In Spain, families have been buying baby wild boars and other exotic animals to keep as pets. Catching and selling them is strictly prohibited, but it continues to be done. Many residents believe this is one reason the wild boars have been popping up on the beaches of Spain.

On Spanish beaches, you can still see photographers carrying a baby leopard on their backs (it is supposed to have been drugged) to offer a photo with the animal. Spain’s black market for wild animals is a lucrative business; foxes, chimpanzees, and turtles; are smuggled from abroad inside the suitcases of some tourists hoping to reach the market.

In some localities, the authorities allow wild boar hunting for a few weeks a year due it the growing uncontrolled population. The killings of these animals are significant, to the point that several NGOs protest against such hunts. But it is evident that, despite this, the wild boars are, each year, more numerous.
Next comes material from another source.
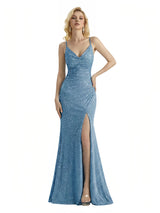Shiny V-Neck Mermaid Glitter Jersey Side Slit Maxi Formal Dresses For Women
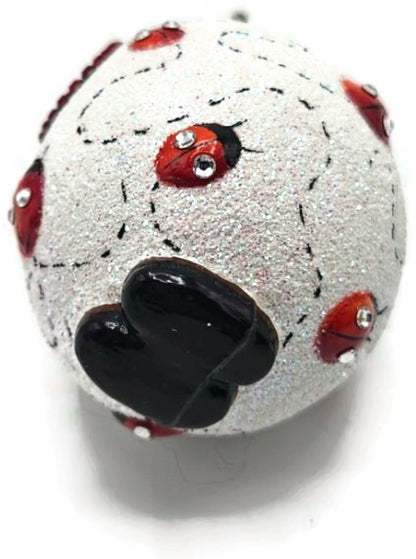 Patricia Breen Easter Egg Masquerade Ladybugs White Red Christmas Ornament 28164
Some of those killed by hunters are sold in restaurants where they are cut up and prepared in sauces, grilled or sausages. In principle, a wild animal cannot be cooked without having passed the veterinary checks authorized by the government Department of forest animals. Still, few cooks care to obtain the papers.

The wild boar is the closest relative of the pig, and as is known in Spain, thousands of hams are produced every year that are sold as “tapas,” in sandwiches, on barbecues, or prepared with salt for years until obtaining an intense flavour that both Spaniards like it.

The next time I find myself in Spain and encounter a wild boar appearing on the beach, caution will be my foremost ally as these enigmatic creatures possess a dual nature, alternating between friendliness and hostility, or perhaps even becoming an unintended guest on someone’s dining table, reminding me of the delicate balance between admiration and vigilance in the natural world.